Here are some tips that will help you minimize the stress, and, hopefully, create a lot of fun for kids celebrating their special days.
- What to spend? This is always the big question. It depends on your area of the country, and what’s standard practice among your child’s peer group. However $15-$20 seems to be about the top, according to our survey of parents across the country. You can get a very good toy for that amount of money, even some of the hot promotional toys. Remember, last year’s super-hot item the Zhu Zhu Pets were under $10, and anyone who scored one of those would have been a hero at a party. It’s good to remember, particularly for children under 8, play value is far more important than the actual dollar value. If you’re part of a group, school or class, it’s a good idea to come to an agreement among all the parents as to what to spend. With young kids, if you’ve got 20 parties to buy for each year, and you spend $15 per kids, you’re committing to $350 overall, which is a lot of money.
- What to buy? Again, this varies by ages. For preschoolers and toddlers, stuffed animals, age-appropriate games and books are always a good idea. As kids get older, they have very specific likes and dislikes. Talk to your kids about what they’re into, and take them shopping with you. For example for boys from 4-7, action figures are great, particularly if it’s a character all the kids are into. That will be $10 or less.
- What about gift cards? After a kid is 9 or 10, gift cards can be a good idea. However, we find that kids would rather get a present—and a gift receipt so something can be exchanged—than a gift card. Cards are okay if you know a child is hoping to get something big, but it’s always nice to have something to open.
- Any ways to save money? We know one parent who has an ingenious idea: She knows approximately how many parties her kids will go to, and at the beginning of the season they go shopping and buy versions of the same thing. These gifts are stored in the “present closet,” and the child gets to pick when he or she has a party to go to. This allows you to take advantage of special sales when you see them, or buy-one-get-one offers and it means you almost never have to run to the store on an emergency present run.
- If your child is giving. Remember, kids get very proud of the presents they give. It often means a lot to them. So involving them in the selection process is great. Remind him or her that the birthday boy or girl may not open the presents at the party, so it’s not a great idea to yell, “Open it!” when the gift is presented. (Of course, sometimes the kids are all so excited they can’t wait.)

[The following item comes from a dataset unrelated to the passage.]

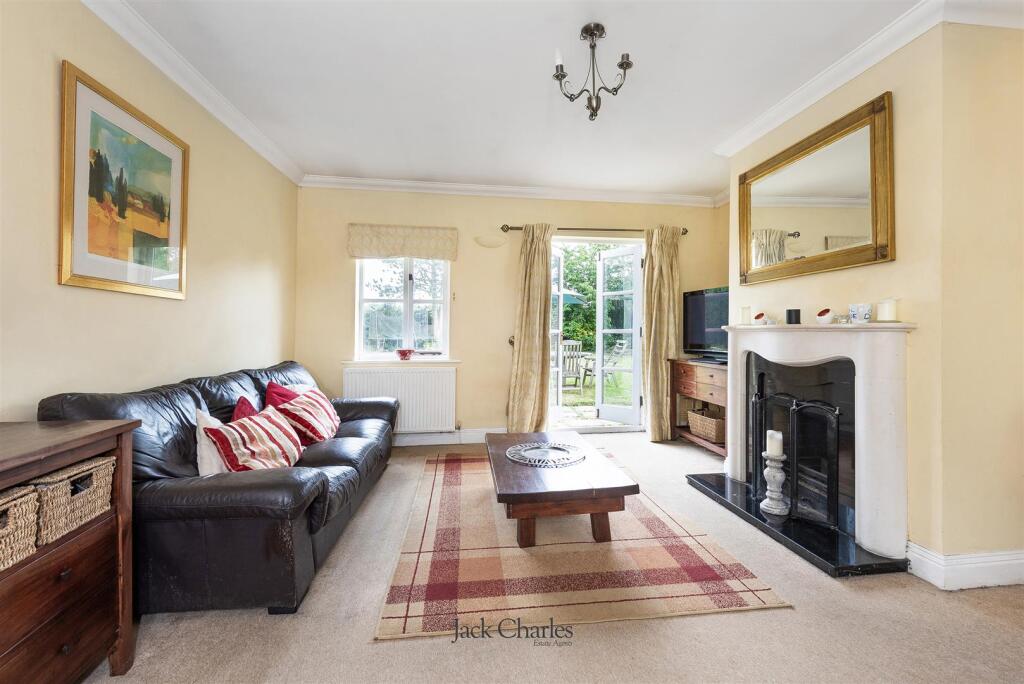 The Old Stables, Knotley Hall, TN11 8JH 009.jpg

- If your child is receiving. Talk to them before the party about being a good host. Decide in advance if you’re going to open presents while the guests are there, or later. If you decide later, make sure you have a way for the child to thank each present giver personally. It doesn’t have to be a formal thank you note, but kids like to receive acknowledgement. (Parents too.) Also, teach them to be gracious recipients. If the toy is a duplicate, teach them not to say, “I already have this,” or some version of that. With so many parties and so many presents, it’s inevitable that one or two may be disappointing, but don’t let the giver know. That’s what the gift receipt is for.
- Don’t sweat it. Parents tend to make a much bigger deal of this than kids do. It’s not a competition; it’s a birthday party. Keep it simple, keep it fun and keep the focus on good play.
Think about it: Do you remember the toys you got at birthday parties? Of all the parties I had as a kid, I remember one gift: large die-cast car. My classmate Ricky gave it to me for my 7th birthday, and I think I still have it. That’s one in who knows how many. Relax, do your best; don’t bust your budget. Focus on the fun and the pleasure you’ll be giving, and that’s the best gift of all to you.